SQL Server: How do you check if it's safe to change the SA password?

See this article/tutorial which explains how to enable login auditing in SQL Server 2000 and 2005:

Who is logging in as the sa login in SQL Server?

The native audit level configuration is a simple configuration that can help to determine if the sa login is used in the SQL Server instance. What this configuration does is records all of the successful (or failed or both) logins into a particular SQL Server instance. You will not know the host name, application, etc. However, this configuration will enable you to determine if the sa login is being used in the first place. Once you have this information, then you can dig deeper with SQL Server Profiler outlined below.

For SQL Server 2008 there is a new feature "SQL Server Audit". The following article explains how to autid logins including example scripts: SQL Server Audit in SQL Server 2008.

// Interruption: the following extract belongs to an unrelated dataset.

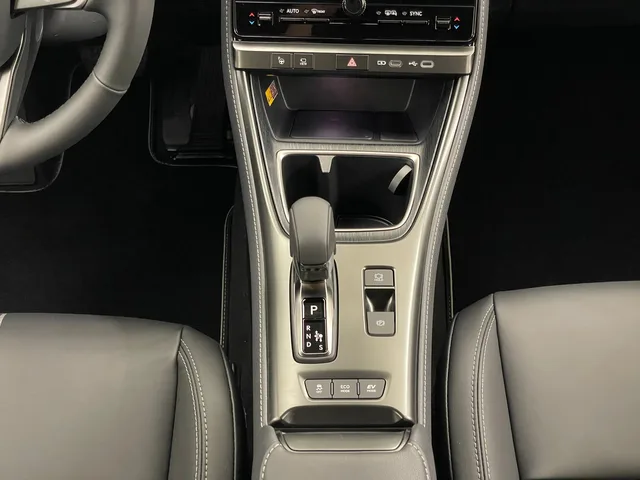LEXUS LBX 1.5 Hybrid Relax AWD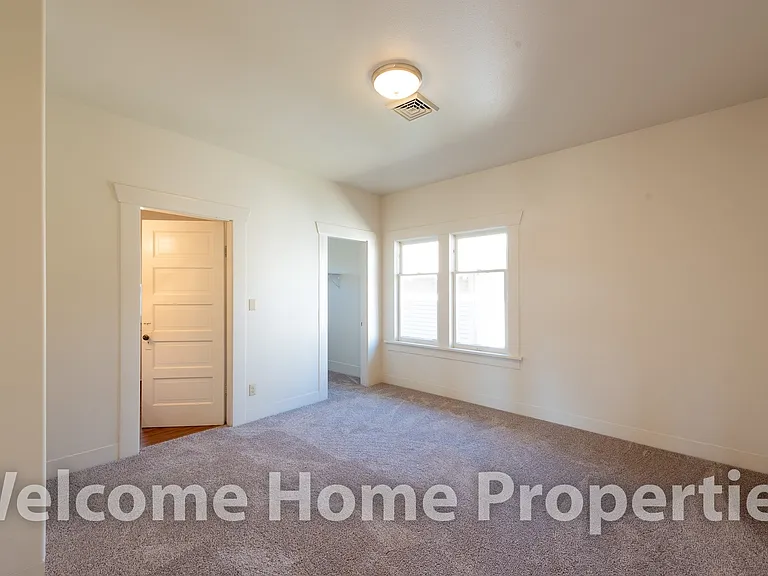 512 S College Ave — Photo 10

I would tend to agree with the change it and see who complains, BUT only after some due diligence. You have to spend the time to profile and look for someone logging in with SA. If you can't find anything logging in over a week, then you ought to be safe. If it's used less often, it's even more of a reason to make the change.

No one ever wants to change this password, and it ends up creating issues. The SA password gets out of control and when it is disclosed to the wrong person, it creates havoc. Often with data loss, someone losing data with a lack of backups, new database, DELETE with no WHERE, etc.

Disclose you are making the change, run Profiler, and then do it. Your customers will appreciate it.

Change the password and see who screams. They should not have an application logging into the system as SA anyway.

It's safe, in that it's more unsafe to not change it.